» EXERCISE BRIEF:
The lines in the listing below are to be given again exactly, starting at the line holding "Echo Apical 4 chamber view- Normal" and ending at the line holding "Antes e depois". Do not include pictures.

___ TASK INPUT

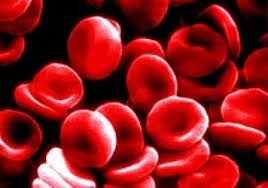 Image result for IMAGES OF DIAGNOSIS OF ANEMIA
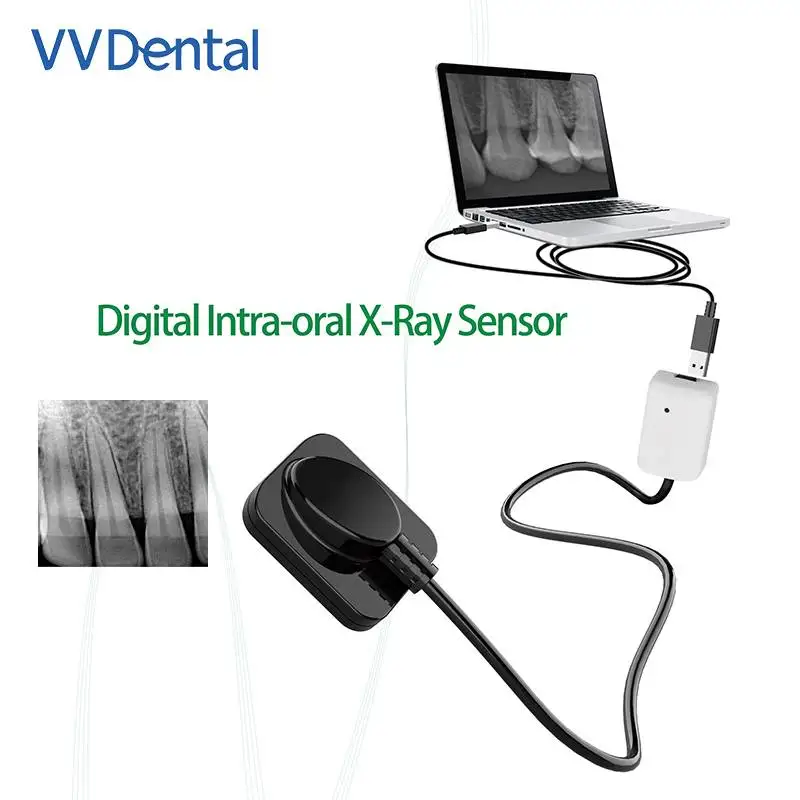 Dental Sensor Digital Intraoral Intra-Oral X-Ray Sensor Imaging System RVG XRay Sensor Instrument Tools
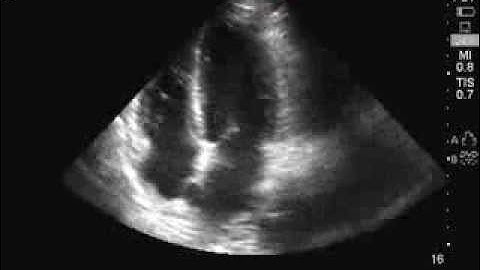 Echo Apical 4 chamber view- Normal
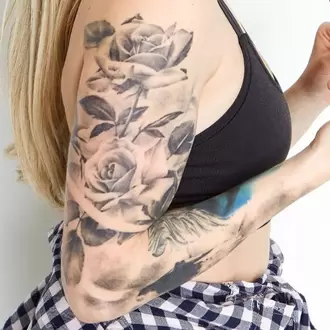 Eliminación de tatuaje brazo 3 sesiones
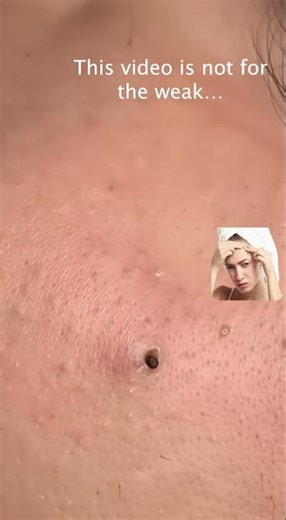 The most disgusting thing you've seen today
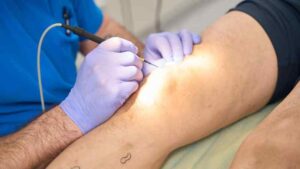 Pregúntele al Dr. Rosen, especialista en venas de Northbrook: Tratamiento con láser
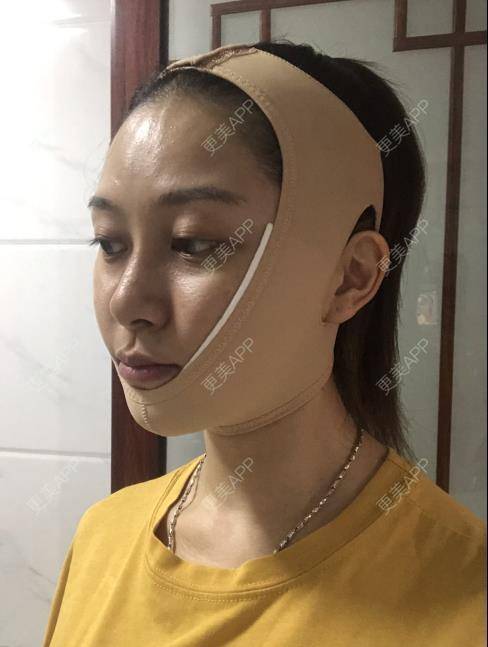 更美 - 贝勒爷贝贝的全脸整形套餐经验 | 全脸整形套餐 | V脸套餐 | 北京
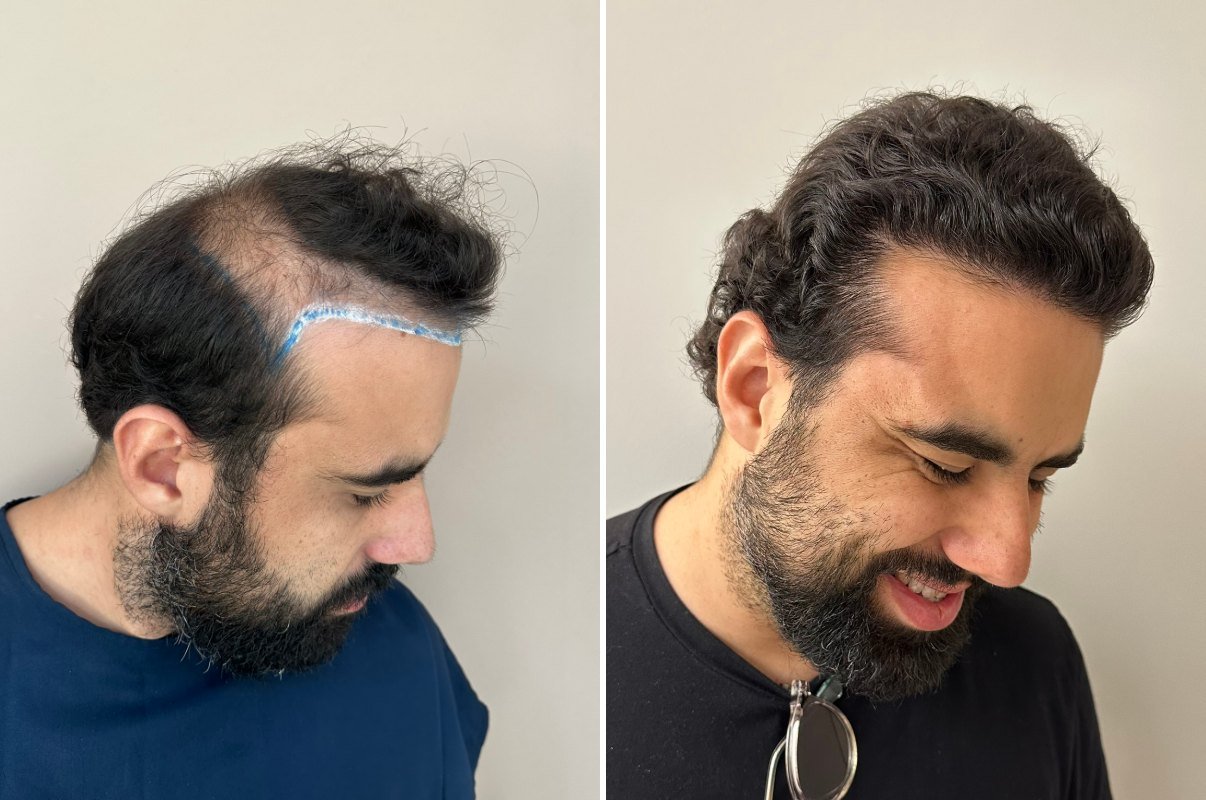 Antes e depois do transplante capilar de Pedro Lucca, vista lateral, 5 meses após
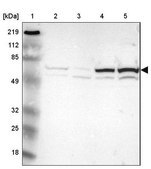 Anti-TXNRD1 antibody produced in rabbit Prestige Antibodies® Powered by Atlas Antibodies, affinity isolated antibody, buffered aqueous glycerol solution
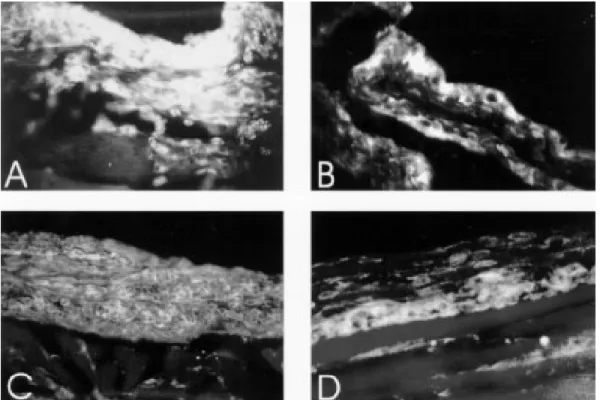 Fig. 5: adhesion molecules expression, in air pouch wall of normal and infected mice, after 8 hr of stimulation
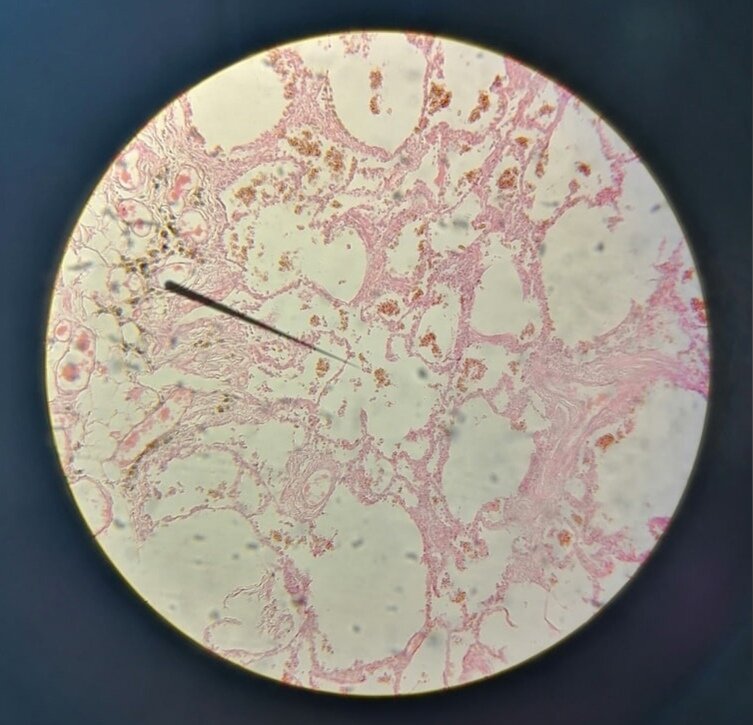 Бурая индурация легкого. Личный архив.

______

» ANSWER TO THE EXERCISE:
 Echo Apical 4 chamber view- Normal
 Eliminación de tatuaje brazo 3 sesiones
 The most disgusting thing you've seen today
 Pregúntele al Dr. Rosen, especialista en venas de Northbrook: Tratamiento con láser
 更美 - 贝勒爷贝贝的全脸整形套餐经验 | 全脸整形套餐 | V脸套餐 | 北京
 Antes e depois do transplante capilar de Pedro Lucca, vista lateral, 5 meses após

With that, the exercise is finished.